American Express Co. v. Italian Colors Restaurant
In American Express Co. v. Italian Colors Restaurant, 133 S.Ct. 2304 (2013), the Supreme Court held that class action waivers in arbitration agreements cannot be invalidated simply because plaintiffs are unable to effectively vindicate their federal rights through individual actions. (Id. at pp. 2308-1212.)
In that case, the plaintiffs showed that the cost of pursuing their antitrust claims would far exceed the maximum recovery for any individual plaintiff. (Id. at p. 2308.)
The Court determined that the plaintiffs were nonetheless bound by their arbitration agreements mandating individual arbitration, because the policies underlying the federal antitrust laws and class action rules did not override the FAA's mandate that arbitration agreements be enforced according to their terms. (Id. at pp. 2309-2310.)

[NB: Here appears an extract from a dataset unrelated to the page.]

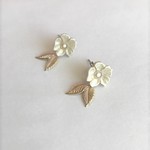小さなアンティーク調フラワー＆リーフピアス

The American Express Court noted that Concepcion "specifically rejected the argument that class arbitration was necessary to prosecute claims 'that might otherwise slip through the legal system'" (American Express, supra, 133 S.Ct. at p. 2312), and that AT&T Mobility LLC v. Concepcion (2011) "established . . . that the FAA's command to enforce arbitration agreements trumps any interest in ensuring the prosecution of low-value claims" and that "the FAA does . . . favor the absence of litigation when that is the consequence of a class action waiver" (American Express, supra, at p. 2312, fn. 5).